We are a commune of inquiring, skeptical, politically centrist, capitalist, anglophile, traditionalist New England Yankee humans, humanoids, and animals with many interests beyond and above politics. Each of us has had a high-school education (or GED), but all had ADD so didn't pay attention very well, especially the dogs. Each one of us does "try my best to be just like I am," and none of us enjoys working for others, including for Maggie, from whom we receive neither a nickel nor a dime. Freedom from nags, cranks, government, do-gooders, control-freaks and idiots is all that we ask for.
BD, I think my Deere's 11 or 12 years old now and I love it. Very reliable. I don't want to fix it myself so I have a "crony capitalist" friend (we both own JD stock) give it a maintenance once-over every year. On the hilly, treed acre around my house I occasionally find myself mowing rocks, but the Deere takes a beating. We would be in a sad state if our (relative) "phitness" depended on whether or not we had a riding mower. Not to get too philosophical, but there is something very satisfying about mowing. You look back on things (from that yellow *seat*!) and really feel you've accomplished something.
Ralph Kinney Bennett
>I don't want to fix it myself so I have a "crony capitalist" friend (we both own JD stock)

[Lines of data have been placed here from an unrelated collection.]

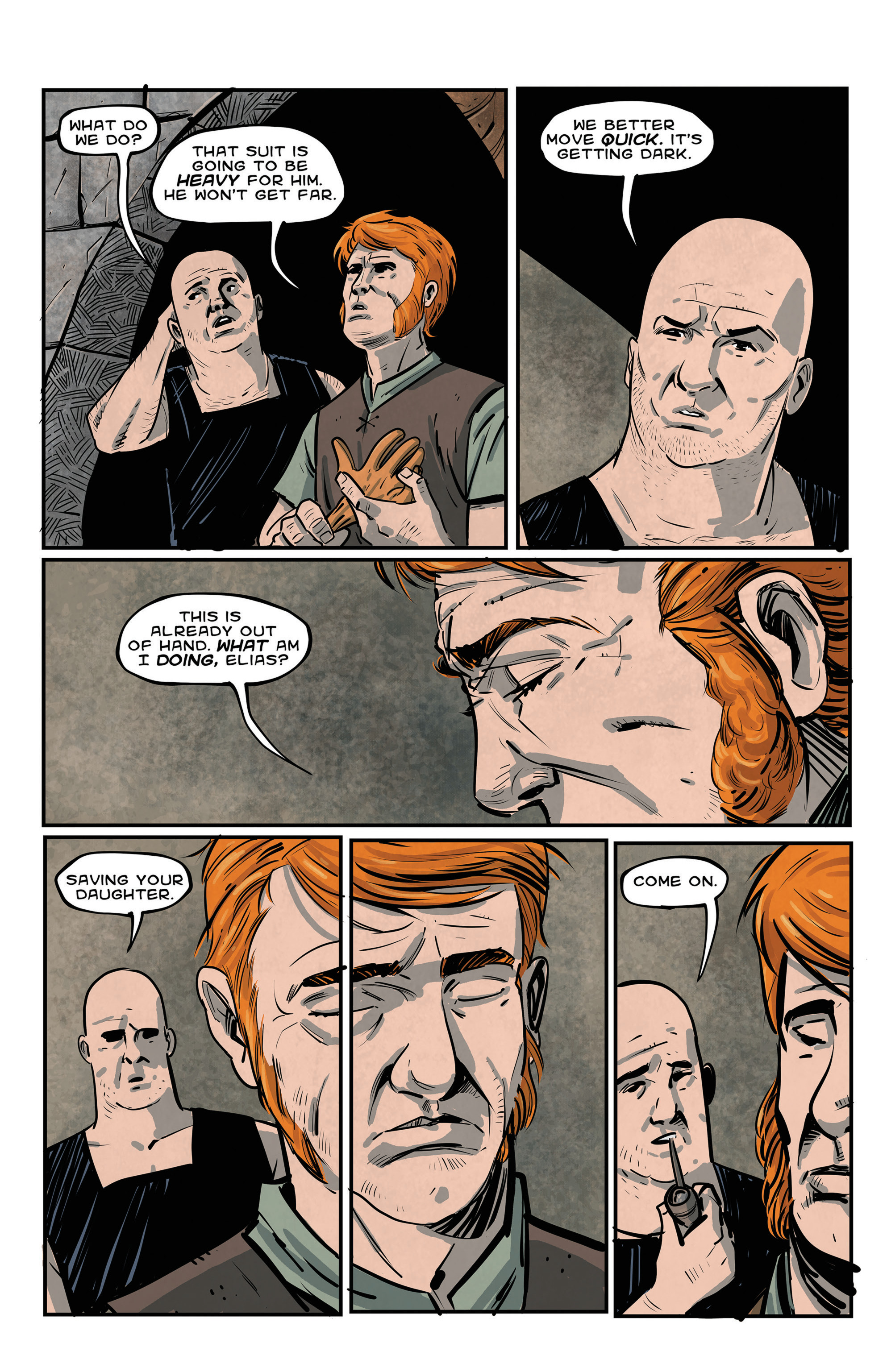 William the Last: Flight & Fight Issue #2 - Page 7
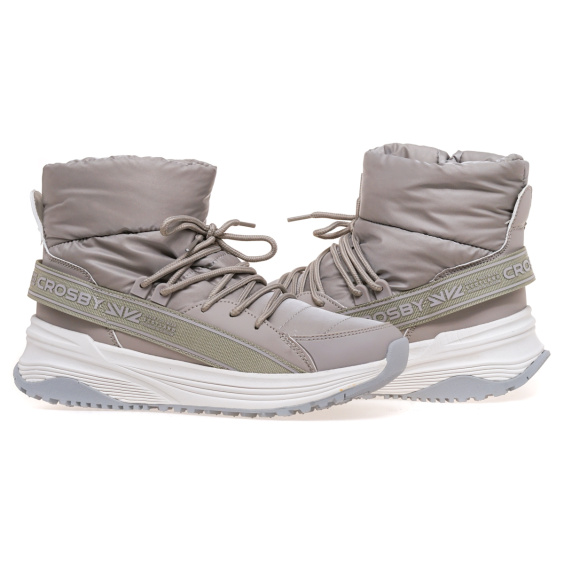 Черевики CROSBY 438197/10-05W/GREY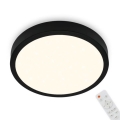 Briloner 3701-015 - LED dimmbare Deckenleuchte RUNA LED/18W/230V 2700-6500K + Fernbedienung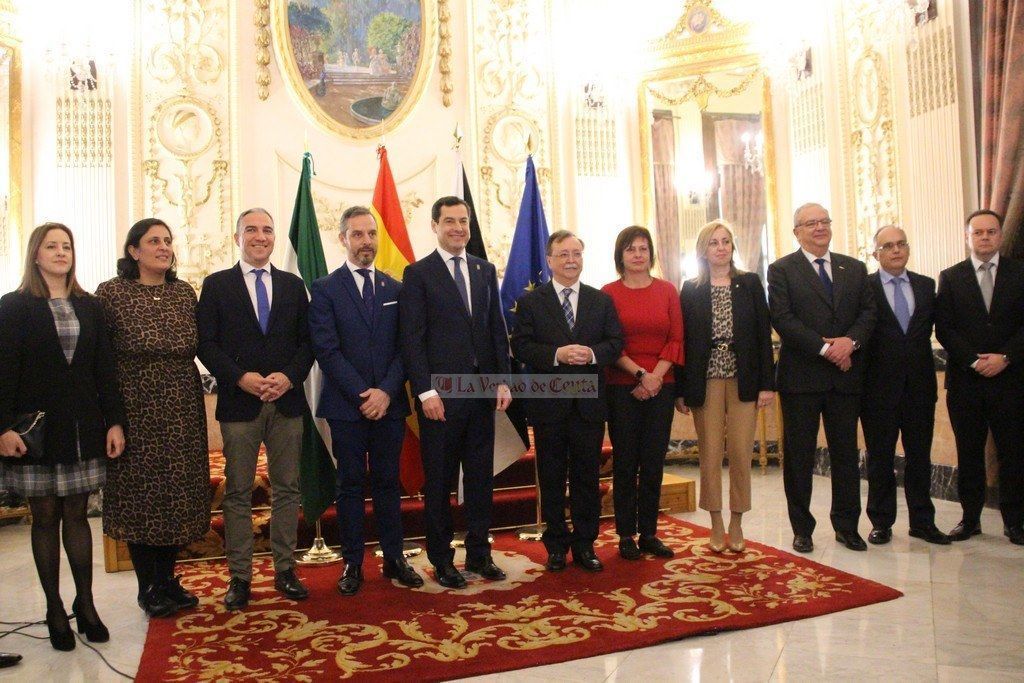 Ceuta y Andalucía rubrican el establecimiento de relaciones especiales a través de un convenio de colaboración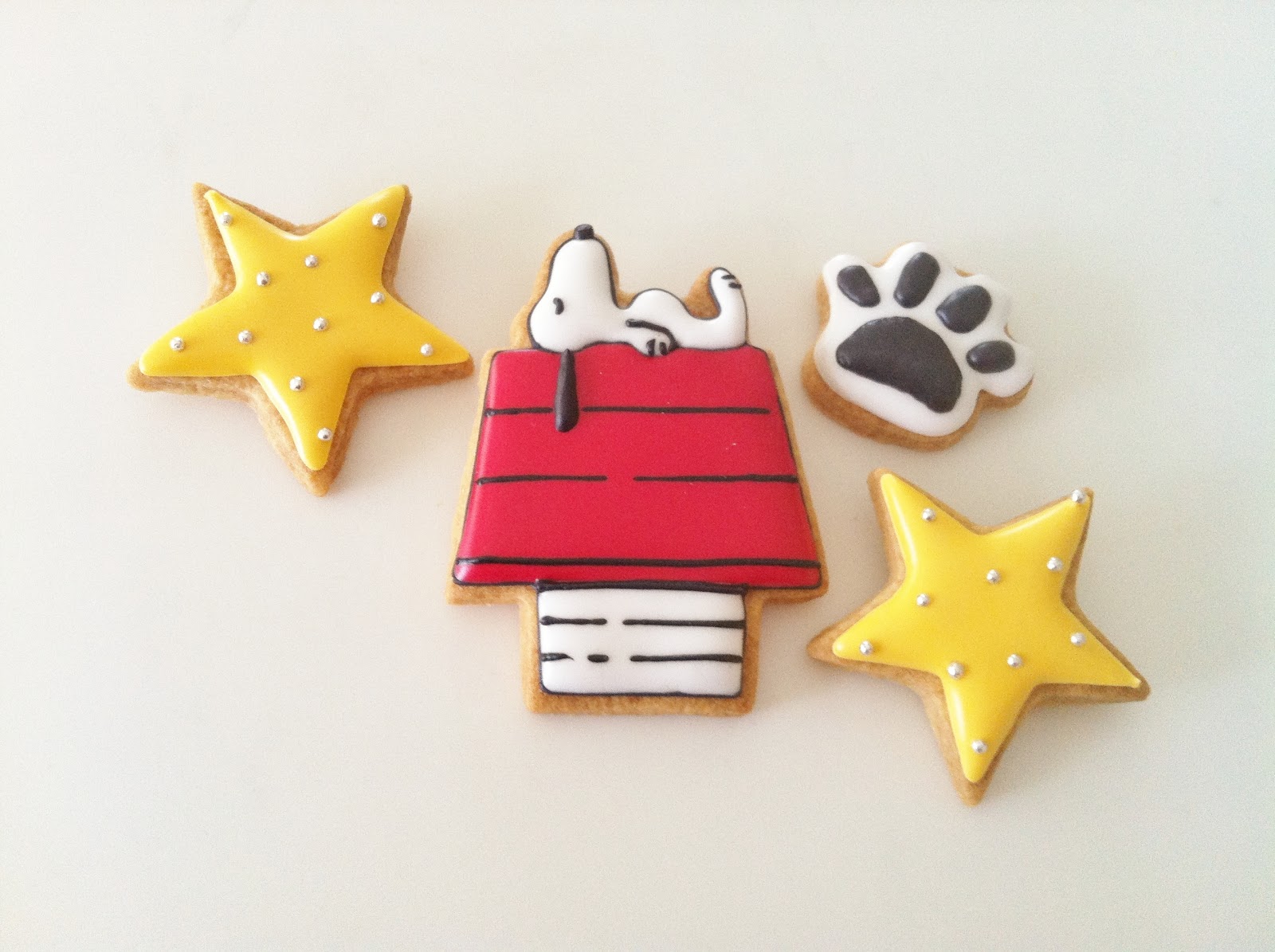C.bonbon SNOOPY COOKIES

Is this in response to my initial statement?
because I was referring to the fact that the bigger manufacturers put equipment "keys" on their computer modules that can only be accessed by "authorized repair persons" aka dealerships which charge upwards of $180/hr vs. our small independent shop that charges $50-60/hr. because You don't really own that piece of equipment.
I should also note that all this computerization has to do with emissions. Left to our devices (without gvt handholding and constant global worming fears) we'd leave sulfur in fuel and corn/water out. The fields NEED the sulfur and your carburetor doesn't need the water.

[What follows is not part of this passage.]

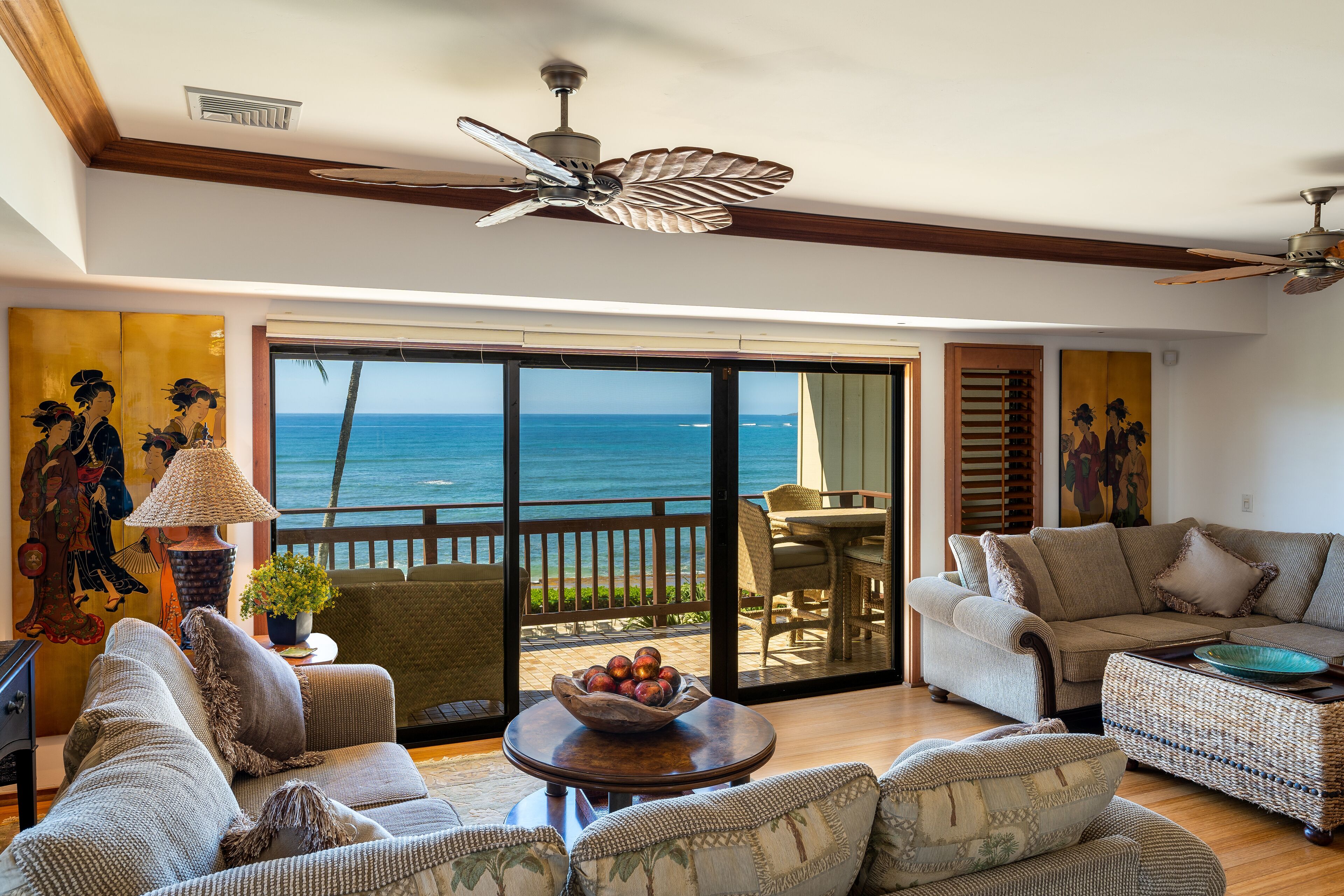 Mesmerizing Oceanfront  2 Bedroom | 2 Bathroom with Central Air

Be assured, that was just a light-hearted pickup on your phrase. I understood what you were driving at and I pretty much agree with everything you said, especially about the role of the environazis in making machinery more troublesome. My "crony" is a retired Deere dealer/mechanic. Manufacturers are always dreaming of ways to build "loyalty" into their products and they love it when they manage to get legislators and bureaucrats to back them up. The "Check Engine" light seldom has anything to do with the engine, but usually signals some transgression against clean air pecksniffery.
Ralph Kinney Bennett
Nice Deere. I have a 1970 JD120. It is no longer in the mowing rotation and is just a keepsake. I now mow with a Kubota that is about 8 years old.
You have to keep on top of that grass or it will no longer be a pleasure to mow. Mowing rocks happens. A dinged blade can be replaced but do not compromise the driveshaft.

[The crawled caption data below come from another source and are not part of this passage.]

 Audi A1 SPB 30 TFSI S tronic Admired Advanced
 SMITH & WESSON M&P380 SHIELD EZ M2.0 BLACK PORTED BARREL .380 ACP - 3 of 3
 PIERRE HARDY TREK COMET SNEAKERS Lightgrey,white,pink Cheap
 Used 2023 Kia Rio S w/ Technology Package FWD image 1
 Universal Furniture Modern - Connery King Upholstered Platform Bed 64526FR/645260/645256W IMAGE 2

A new yellow seat from JD runs about $100. Kubota seats are about the same but in black.
Always wear gloves and ear protection.
Driving a little tractor is almost as much fun as running a big one. There is something about operating machinery.
Deere makes good stuff, but around here (smaller city, deep south) Deere dealers are losers. Poorly located, poor parts inventories, poor service turnarounds... I bought a Deere rider in 1978 from our local local dealer COD my driveway, and he still hasn't delivered it. After a week or so, I went out and bought a Snapper and have used them ever since. On my third or fourth one now. And word on the street is don't buy Deere except from a Deere dealer. The stuff they make for big box stores is said to be, uh, different, as in cheaply made.
On the bright side, I did buy a Deere edger with a B&S I/C off the floor from the same dealer in 1977, which I've maintained myself. It's supposedly a re-branded McLane. Still going strong. I had to do a little de-rusting over the years, change the guts of the cutterhead, replace the belt and pull cord a time or two and rebuild the carb. (I edge about 1,200 lf every couple of weeks from April to November, so it's been worked pretty hard for non-commercial use.)
I bought a Deere string trimmer once. Made in Mexico. I immediately returned it to the Home Depot. Went and bought a Stihl. That was pre-Y2K and it still runs.
I dug up a 30-40 pound field rock the other day. Now I don't run over it but I do have a good sized hole to fill. The rocks that show through are like icebergs: a little showing on the top and so much more beneath the surface.
That "green goo" does look problematic. It looks damp and apparently suffers from lack of sunlight. Moss grows in the worst dirt.
No Johnny Deere in my little burg. Kubota is the only choice in town if you want a dealer nearby. That orange Japanese stuff is really good. Not to say that there aren't some JD drivers around.
If only anything I own or could buy would give the service of my old '49 Farmall. I do like modern equipment but it will not be around for 65 years. The old H starts first time every time. It is not particularly easy to operate and is somewhat of a gas hog but I can work on it myself and it has a very distinctive growl at full throttle. Hundreds of thousands were made so it is not rare at all. Plenty are still in service and parts are available although not always cheap--nothing of any quality is these days.